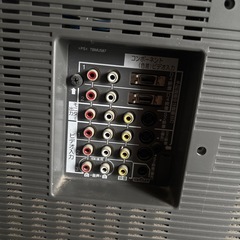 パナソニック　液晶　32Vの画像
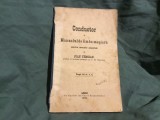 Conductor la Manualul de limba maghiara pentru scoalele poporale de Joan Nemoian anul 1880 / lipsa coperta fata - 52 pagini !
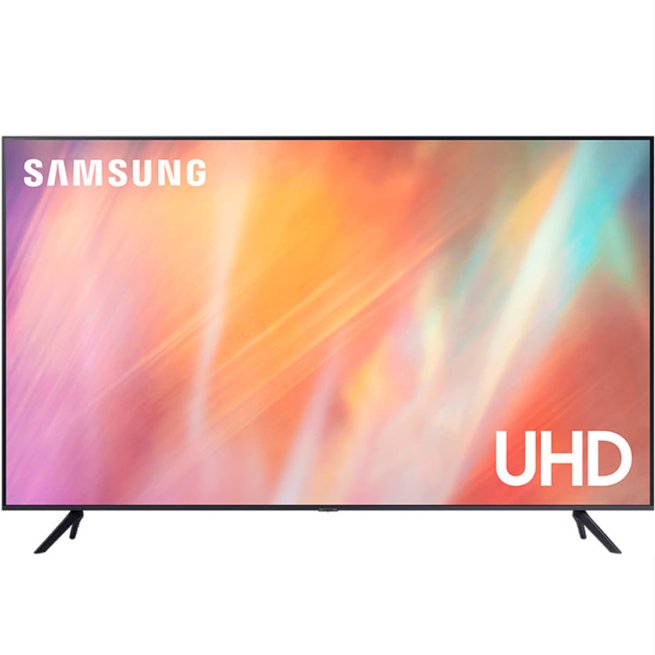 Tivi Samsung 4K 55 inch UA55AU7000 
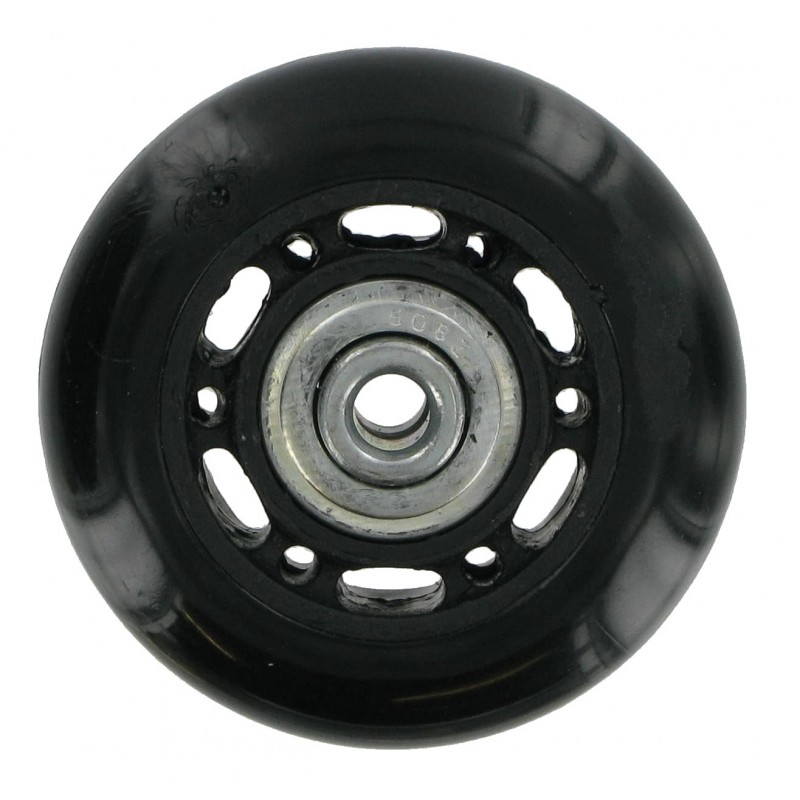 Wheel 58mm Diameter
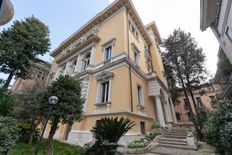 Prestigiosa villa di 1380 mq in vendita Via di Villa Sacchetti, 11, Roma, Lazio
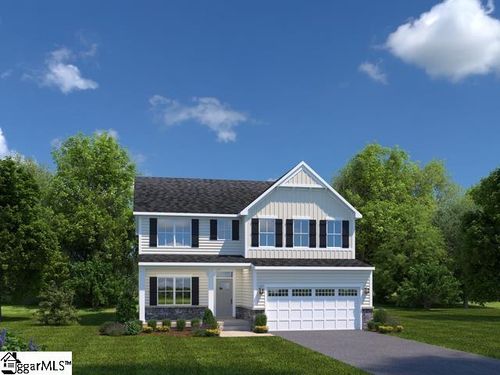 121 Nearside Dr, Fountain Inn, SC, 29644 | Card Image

==

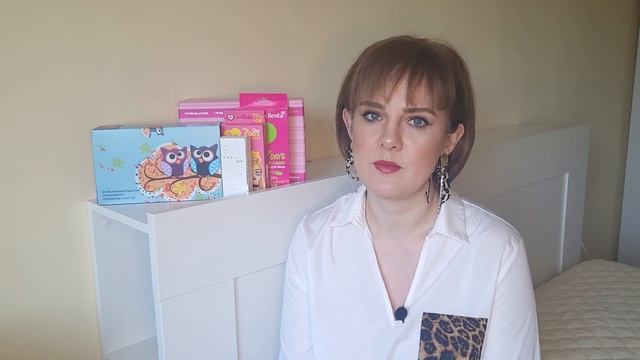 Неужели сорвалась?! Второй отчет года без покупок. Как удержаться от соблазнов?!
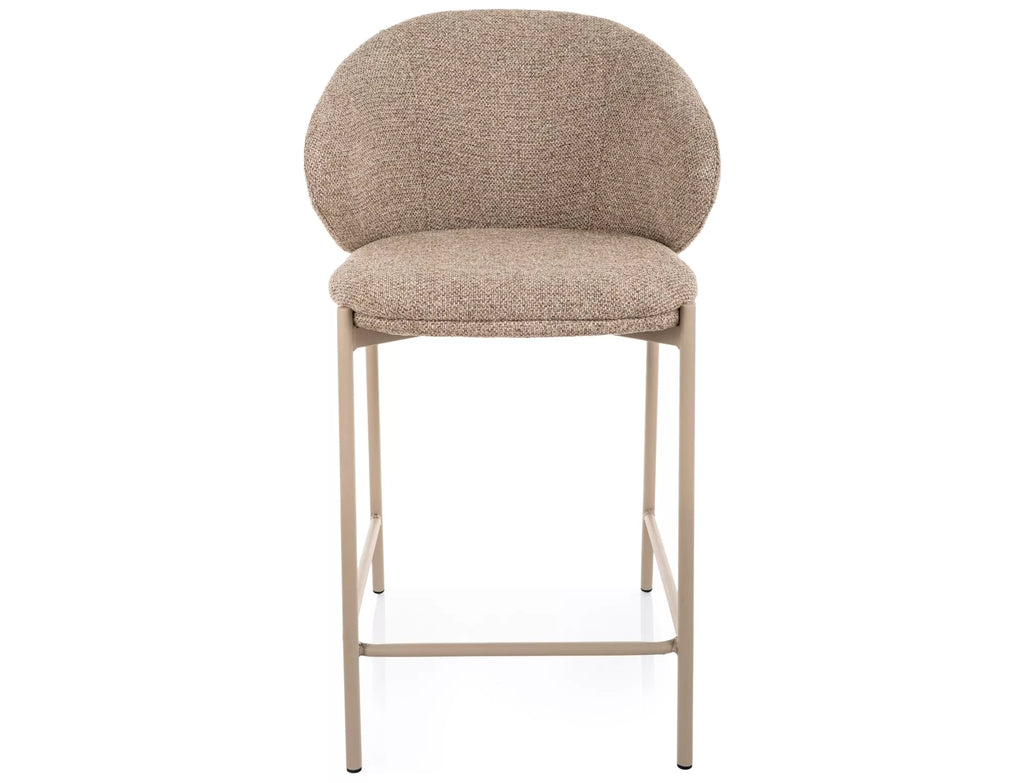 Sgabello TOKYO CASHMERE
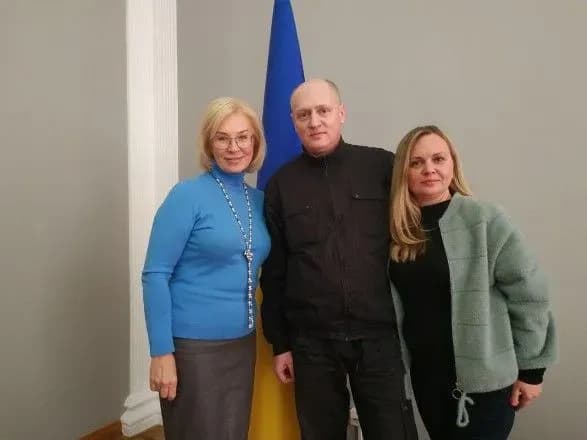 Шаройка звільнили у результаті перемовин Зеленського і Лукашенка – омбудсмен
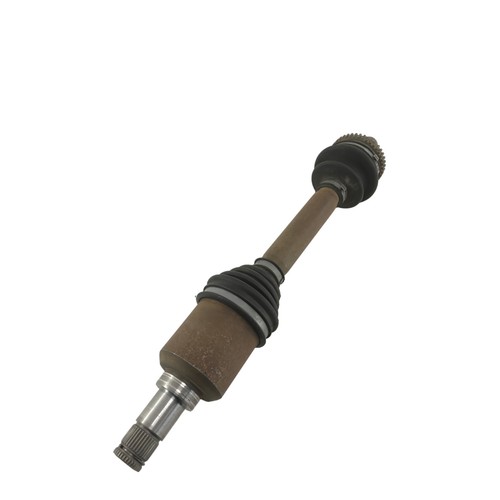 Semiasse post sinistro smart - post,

---

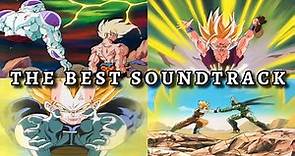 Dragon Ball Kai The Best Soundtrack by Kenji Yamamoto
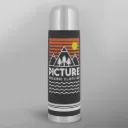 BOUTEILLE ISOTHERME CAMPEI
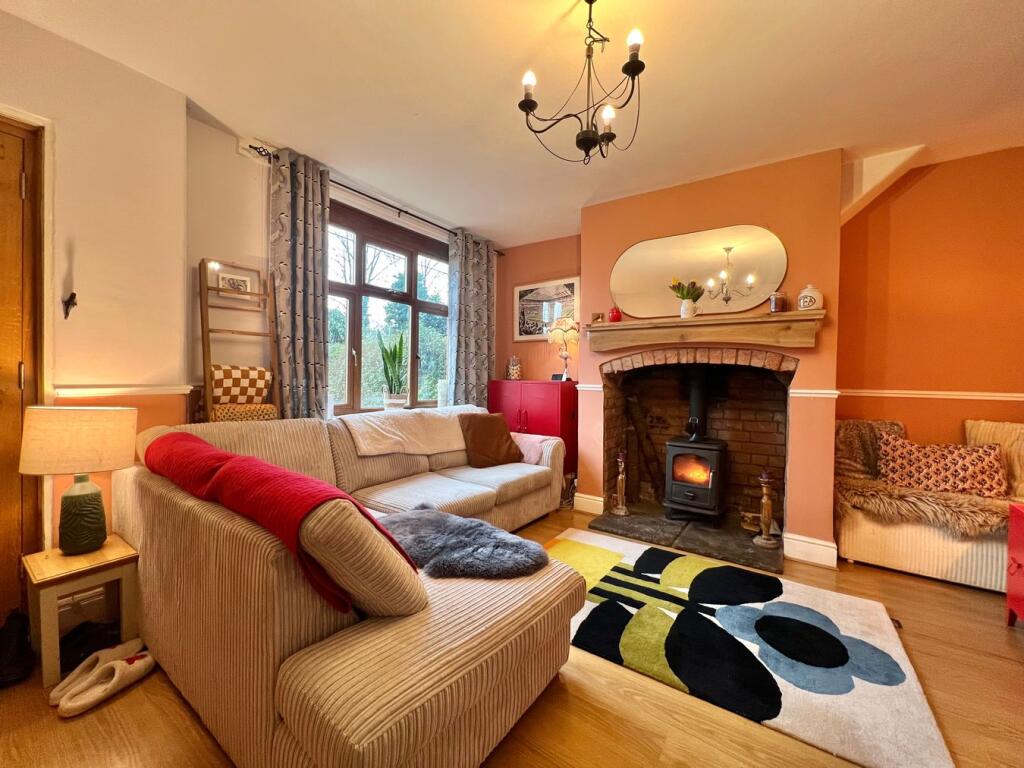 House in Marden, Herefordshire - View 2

Exercise instructions: Repeat the lines above exactly, beginning with the one containing "パナソニック　液晶　32Vの画像" and finishing with the one containing "121 Nearside Dr, Fountain". No pictures belong in the copy.

Problem solution:
 パナソニック　液晶　32Vの画像
 Conductor la Manualul de limba maghiara pentru scoalele poporale de Joan Nemoian anul 1880 / lipsa coperta fata - 52 pagini !
 Tivi Samsung 4K 55 inch UA55AU7000 
 Wheel 58mm Diameter
 Prestigiosa villa di 1380 mq in vendita Via di Villa Sacchetti, 11, Roma, Lazio
 121 Nearside Dr, Fountain Inn, SC, 29644 | Card Image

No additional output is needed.